BY PAUL SCHINDLER | Capping a week of escalating controversy over legislation clearly aimed at the LGBT community, Arizona Governor Jan Brewer, a Republican, announced late in the day on February 26 that she was vetoing a bill to allow businesses to deny goods and services to individuals based on the “sincerely held” religious beliefs of their owners.
The measure, one of a number of similar initiatives proposed across the nation, drew condemnation not only from the LGBT community and other civil rights organizations, but also from many major businesses and even Republican leaders. Senator John McCain, Arizona’s senior US senator and the GOP’s 2008 presidential nominee, was joined by the party’s 2012 standard bearer, Mitt Romney, in calling on Brewer to veto the legislation.
The host committee for next year’s Super Bowl, scheduled for Phoenix, also condemned the bill.
“I call them like I see them, despite the cheers and boos from the crowd,” Brewer said in her veto statement.
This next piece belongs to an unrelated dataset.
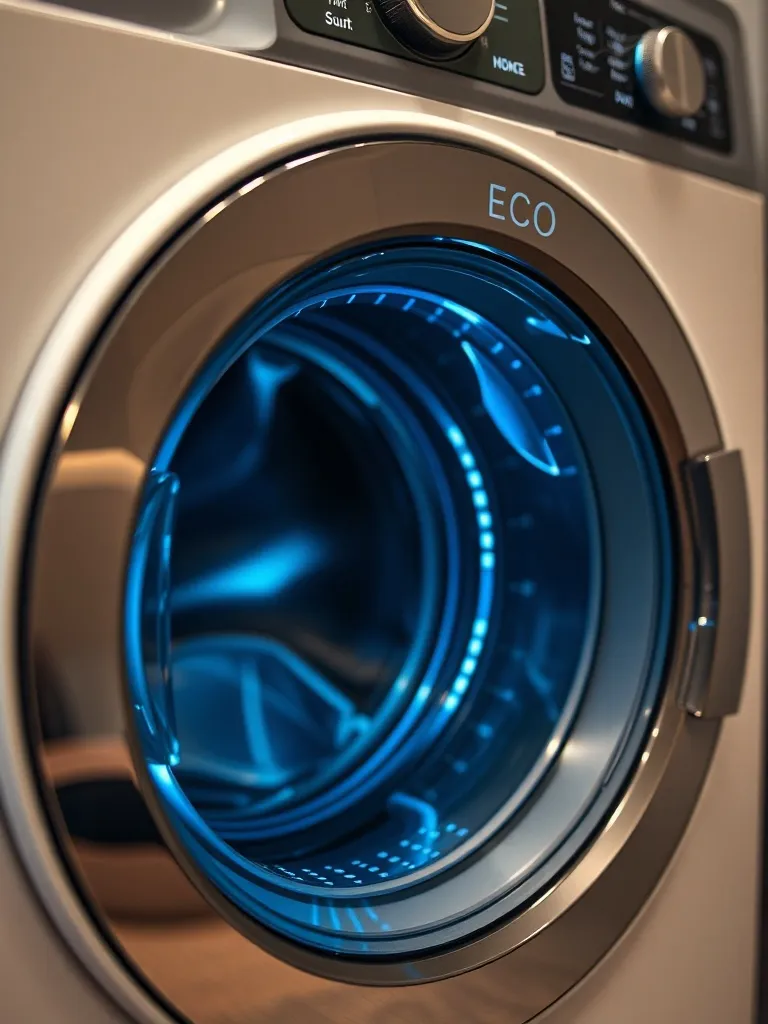 Close up of a modern washing machine control panel, LED disp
And though supporters claimed the bill addressed vital religious liberty concerns, the governor said it failed to identify specific problems in need of a fix and “could result in unintended and negative consequences.”
Though some legislators insisted the measure did not target the gay community, time and again in the public debate the case of a New Mexico photographer who lost a discrimination case before that state’s supreme court after refusing to provide her services to a lesbian couple for their commitment ceremony was cited.